Metadata Improvements:

Data file is in the Box: named ExtV3Metadata.inv, a csv file is also included. here

The station information presented here is still in the beta stage. But it’s ready for a public release and some initial comments on what we can tell:  The process of improving the data and extending it is described below.


1. GHCN V3 Inventory.

2. Updated WMO station locations

3. Nightlights as used by Hansen 2010

4. Improved Nightlights as recommended by Nightlights principle Investigator

5. Nightlight Buffers

6. Gridded population density as provided by GPW

7. Gridded historical population density as provided by Hyde

8. Gridded Population Density as provided by GRUMP

9. Gridded Impervious Surface area.

10. Land masks provided by several sources.

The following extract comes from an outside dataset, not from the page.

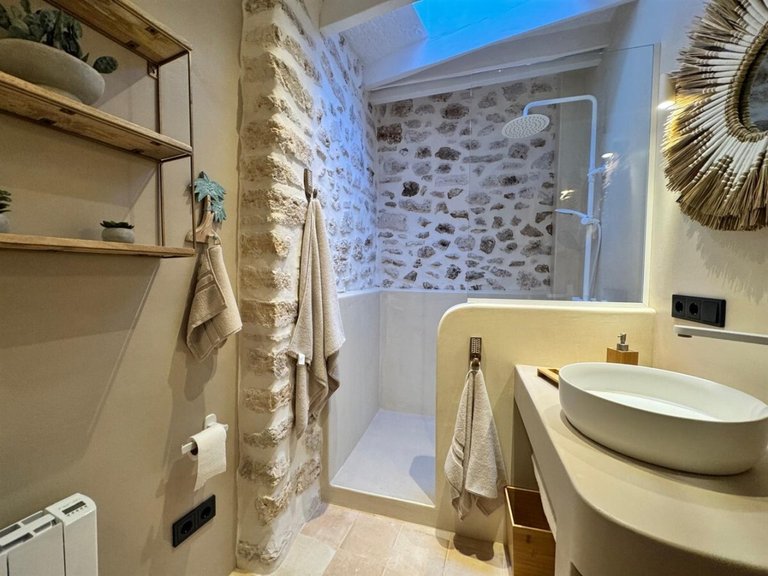 Villa for Sales in Llucmajor, Balearic Islands 14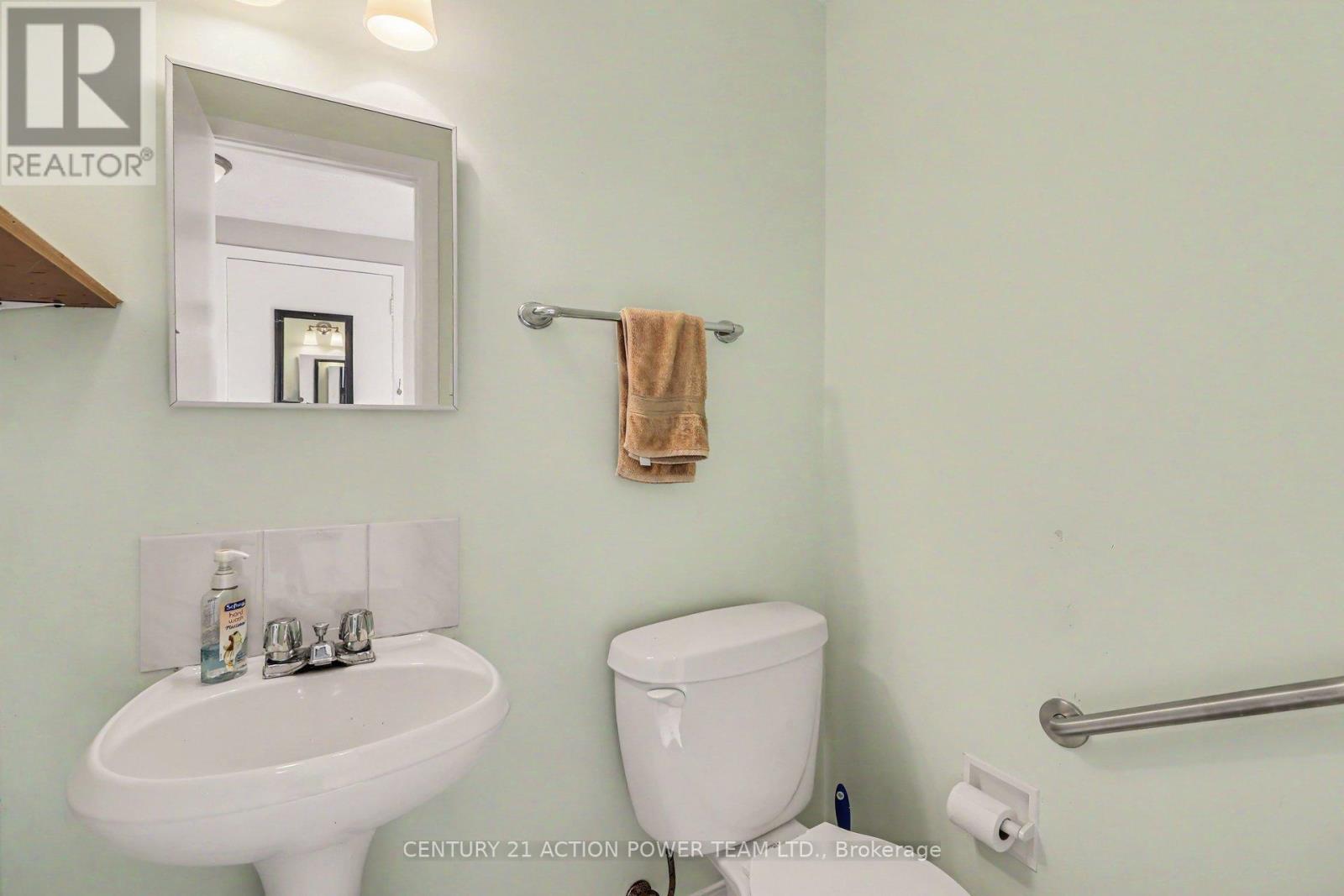 303 Hoylake Crescent, Ottawa, Ontario K1E 1M1 - Photo 5 - X13796220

Step One: The beta version of the GHCN v3 inventories are read into a R data frame. For the posted file that inventory was the matching inventory for the “adjusted” dataset. This inventory includes only 7279 stations as one appears to be dropped from the unadjusted data.  The data fields read in include

Id:  The Id field is the GHCN ID. It’s an 11 digit index of the form cccwwwwwddd. Where ccc indicates a country code, wwwww, indicates a WMO code, and ddd indicates a    IMOD number. There are several things to note. For the US stations, the WMO code does not appear to map to the WMO master list. For example, “42500046506” is listed as the GHCNID of Orland California. In GHCN v2 the ID for ORLAND is :  42572591004 ORLAND. And for USHCN it is:046506-02 For For WMO we have no entry for ORLAND. In V2 Orland was listed according the WMO number for nearby Red Bluff. The 004 in the Orland IMOD indicates that Orland is at a different location than the WMO it is reported under. Confusing? You bet. To be accurate the V3 readme will have to be changed to indicate that the new GHCN Id, does not reflect WMO numbers in the middle 5 digits in all cases. In the US, the USHCN ID is used as the last 5 digits. Basically there are USHCN stations that do not have WMO numbers. In V2 they were listed as IMODs of the closest WMO ( redbluff) in V3 they are listed according to their USHCN number. That makes comparing V2 to V3 a bit troublesome.

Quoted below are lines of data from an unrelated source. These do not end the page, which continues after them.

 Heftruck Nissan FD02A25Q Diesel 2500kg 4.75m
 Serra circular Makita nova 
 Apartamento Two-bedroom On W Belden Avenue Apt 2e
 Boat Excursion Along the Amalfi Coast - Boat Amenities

Lat: The latitude of the station is reported in degrees north from -90 to 90. In my inventory   the value  is one of two values: the value found in GHCN V3 or the value found in the recently updated WMO master list. The WMO has required countries to update the precision of the station location data and that process is underway. It’s not entirely complete. Consequently some of the GHCN V3 station locations remain the same. Those that have been updated by WMO are updated here

Lon: Longitude is degrees east, from -180 to 180. As with Latitude this field contains the corrections from the recent WMO updates.

Altitude: Altitude in meters from the Ghcn V3 inventory. Corrected altitudes from the WMO master list are not included here. That will come later.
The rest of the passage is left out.